By Vivian Moreau
There’s no trail through the bush to the Cheakamus River side
channel where workers are moving debris marooned from a 2003 flood back into
the water. But supervisor Peter Frederiksen of Triton Environmental Consultants
follows sounds of voices and a ratcheting cable puller through the forest to
the four-metre wide Gorbushka side channel to discuss rehabilitation efforts
with two workers.
“Messy channels can be a good thing as long as it’s not too messy,”
Frederickson says about the waters cluttered with logs, tree stumps and clumped
branches.
Triton employee Murray Metcalfe cranks a cable dragging a
two-metre stump into place in the stream as fisheries technician Allen Lewis
watches for snags.
“It’s a relatively slow process but the alternative would be to
walk in here with an excavator… and you can imagine the damage to the riparian
zone (that would cause),” Fredericksen says.
Tributaries of the Cheakamus River, the side channels are being
plumped up to entice returning coho, chum, pink salmon and steelhead to the
area and to provide nurseries for resulting fry and smolts. Part of a recovery
plan designed to help fish numbers rebound from the devastating August, 2005
sodium hydroxide river spill, Canadian National Railways is financing
rehabilitation of spawning side channels that were disturbed by the 2003 high
water flood. Hired by CN to implement the recovery plan that was finalized Aug.
15, Triton staff and contracted fish technicians are building woody debris
refuges for small fish to hide in and around before they migrate to sea.

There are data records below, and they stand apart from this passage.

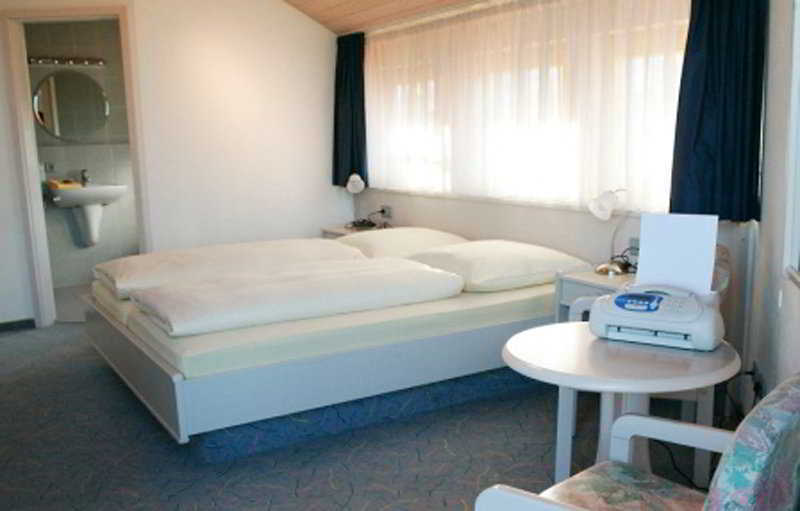 Hotel Crystal Filderstadt Esterno foto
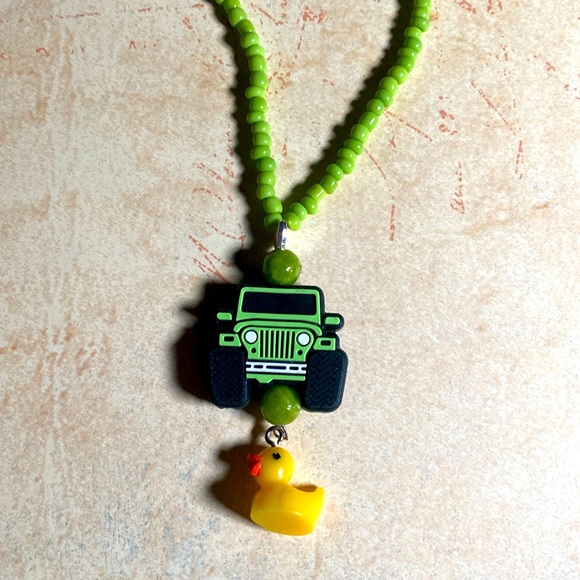 Silicone 4x4 Jeep Duck Rearview Mirror Charm-Keychain-Bag Charm- 4x4 Bracelet - Picture 5 of 8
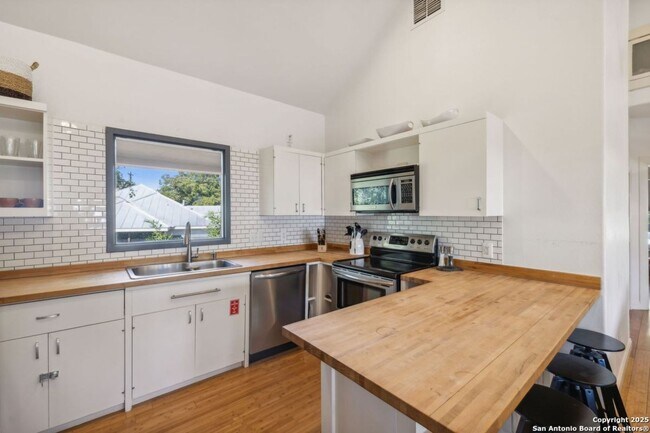 Building Photo - HISTORIC CHARM IN KING WILLIAM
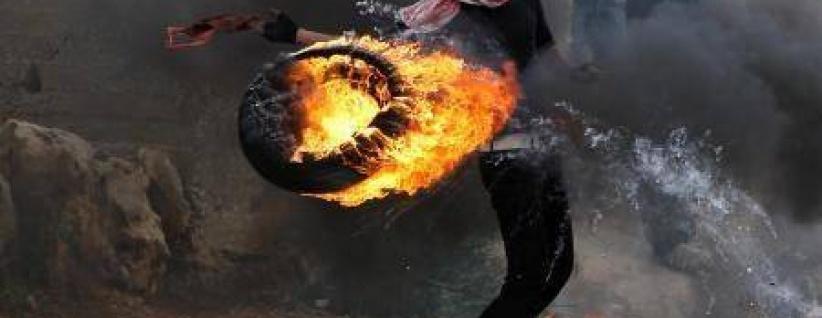 مواجهات في بيت امر بالخليل ليلاً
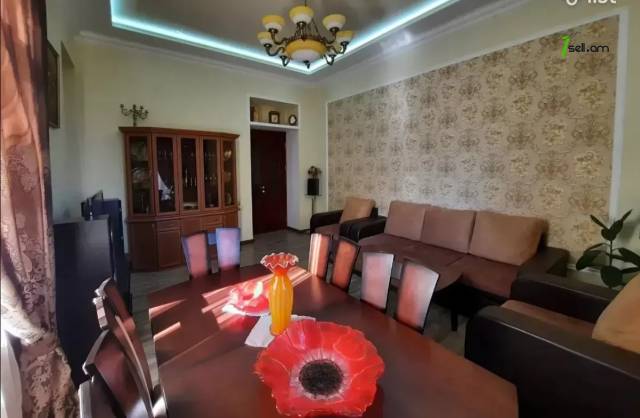 4 սենյականոց բնակարան կենտրոնում, 82 ք.մ., 2 սանհանգույց, բարձր առաստաղներ, կապիտալ վերանորոգված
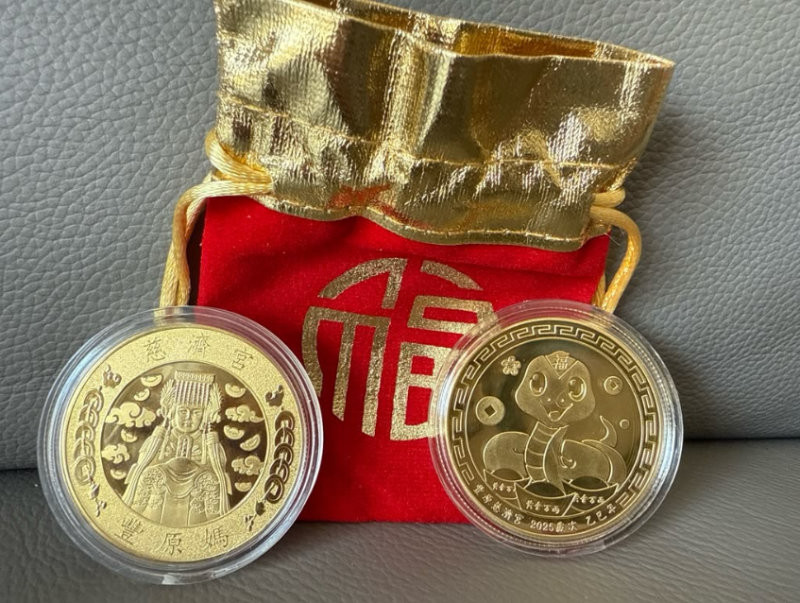 Đồng xu vàng là vật phẩm phong thủy với ý nghĩa chiêu tài rước lộc. (Nguồn: Internet)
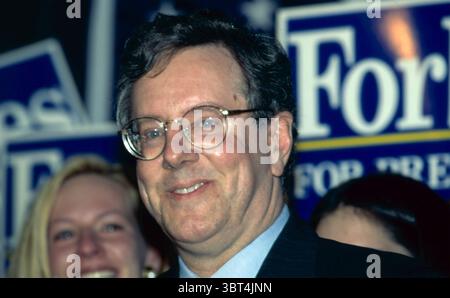 März 1996, Washington, DC, USA: Washington DC, USA, 14. März 1996. Steve Malcom Forbes Jr kündigt seinen Rücktritt als Kandidat für den Präsidentschaftskandidaten der Republikanischen Partei an. (Kreditbild: © Mark Reinstein/ZUMA Wire) Stockfoto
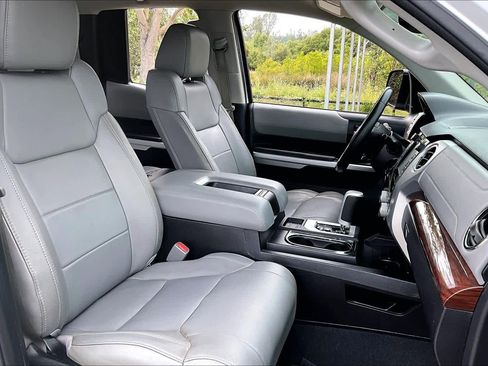 Used 2015 Toyota Tundra Limited w/ Limited Premium Package image 8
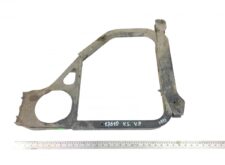 Fém oldalsó hátsó spoiler tartó bal Renault – Kód 13610 V.S. V.P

“Juvenile fish like to have little breaks from higher
velocities of current to hide from predators and a refuge area where they can
sit in slow water and then dart out into fast water to pick up food items that
are drifting by,” Frederiksen says.
Steelhead are more difficult to build rearing grounds for than
coho or chum, preferring faster moving waters, Frederiksen says. The robust
fish may find nearby Mykiss channel, whose velocity can be controlled with a
gate valve, more to their liking.
Drafted by a consortium of First Nations, federal, provincial
and district agencies, with input from environmental and angling groups, the
recovery plan has provisions for both habitat and hatchery enhancements in
order to achieve clear numbers of fish by a certain date. Expected to take 10
years and costing millions of dollars, the efforts are aimed at bringing back
up to 160,000 chinook salmon, 128,000 coho, and 400 steelhead. Targeted numbers
for cutthroat, char, sculpins, lamprey and stickleback are less clear because
of lack of pre-spill inventory data on those species.

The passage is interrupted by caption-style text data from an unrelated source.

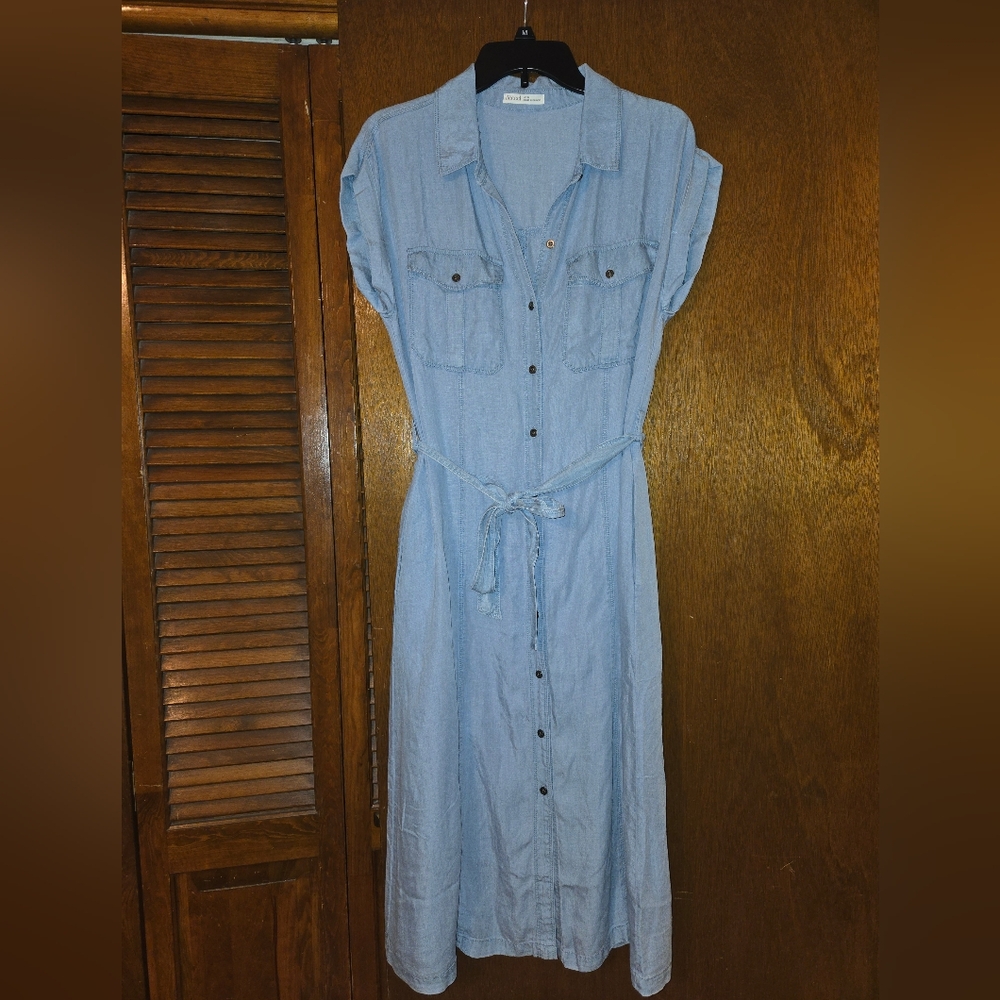 NWOT Chambray MIDI Dress By Becool M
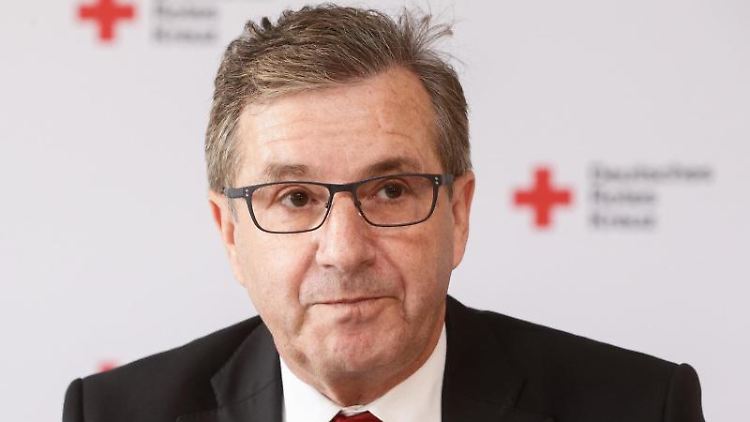 Seine Planstelle werde nicht sonderlich gut bezahlt, verrät Jan Hofer.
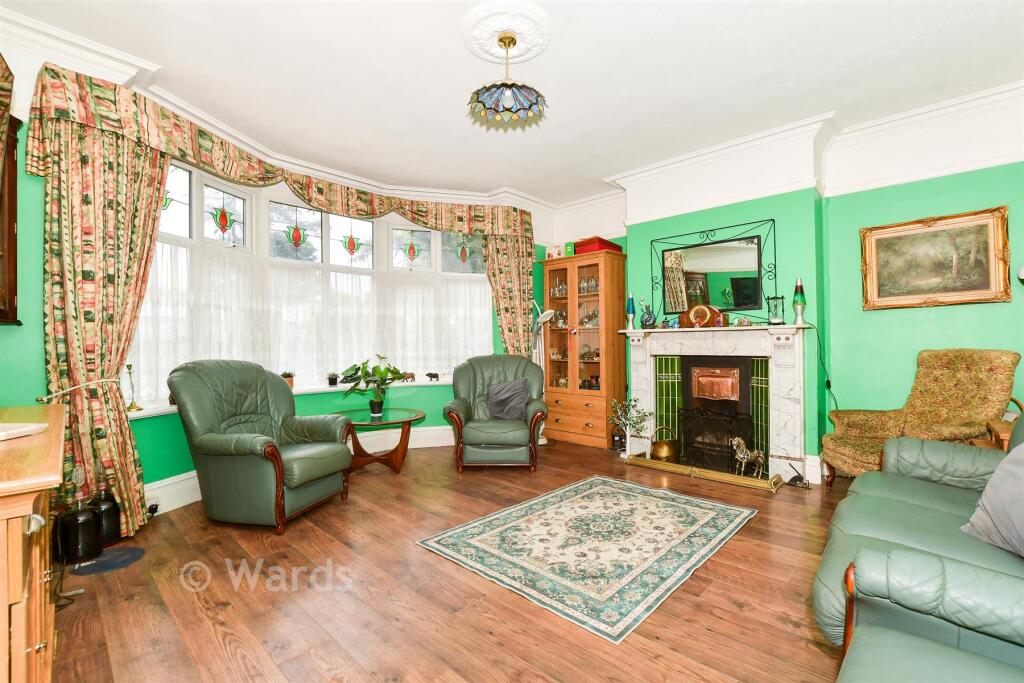 House in Chatham, Medway - View 3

Fredericksen supervises a half dozen projects as part of the
Cheakamus recovery plan. Removing a concrete apron underneath Cheekye River
bridge will allow steelhead easier passage, as will clearing out the head of a
dry creekbed at Kilometre 11. His favorite project, Frederiksen says the
Kilometre 11 project will have the most visually dramatic effect. “It has the
most opportunity to create a lot of fish habitat right away.”
About 35,000 steelhead fry are being raised at Fraser Valley
Trout Hatchery in Abbotsford. Culled from eggs of 10 pairs of steelhead, the
hatchery’s manager says the fry are robust.

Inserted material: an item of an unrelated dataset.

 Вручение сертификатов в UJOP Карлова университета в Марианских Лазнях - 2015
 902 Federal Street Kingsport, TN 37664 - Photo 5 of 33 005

“They’re happy little campers,” said Dale Larson.
Divided into two groups of equal numbers of three gram and 1.5
gram fry, they need to reach 80 grams before release in May, 2007.
“We’re just having discussions right now as to where in the
Cheakamus to release them,” Larson said. “If it’s for replacement of population
we’ll likely put them upriver so they distribute throughout the whole system,
or another option is to put them in a side channel so they can be monitored as
they go out.”
Original targets for release of smolts had been 20,000. What
will happen to the extra number of smolts is also under discussion.
Pushing back through the forest to the access road from the
Gorbuska side channel, Frederiksen points out three-foot cedar saplings,
pioneer species, he explains. Thirty years ago Gorbushka channel had a
different course and after periodic flooding changed its direction a variety of
vegetation and trees took hold in the exposed area. Cedars and maples take over
as alders that initially sprung up are now nearing the end of their life.
Frederiksen notes how disturbances in nature sometimes have positive spinoffs
and makes the connection to the Cheakamus project.
“It was an unfortunate incident (the CN derailment and spill) but there are a lot of good things resulting in terms of recovery planning, strategies and cooperation between agencies. They all worked very hard to come up with some recovery strategies and targets that we can use to measure recovery.”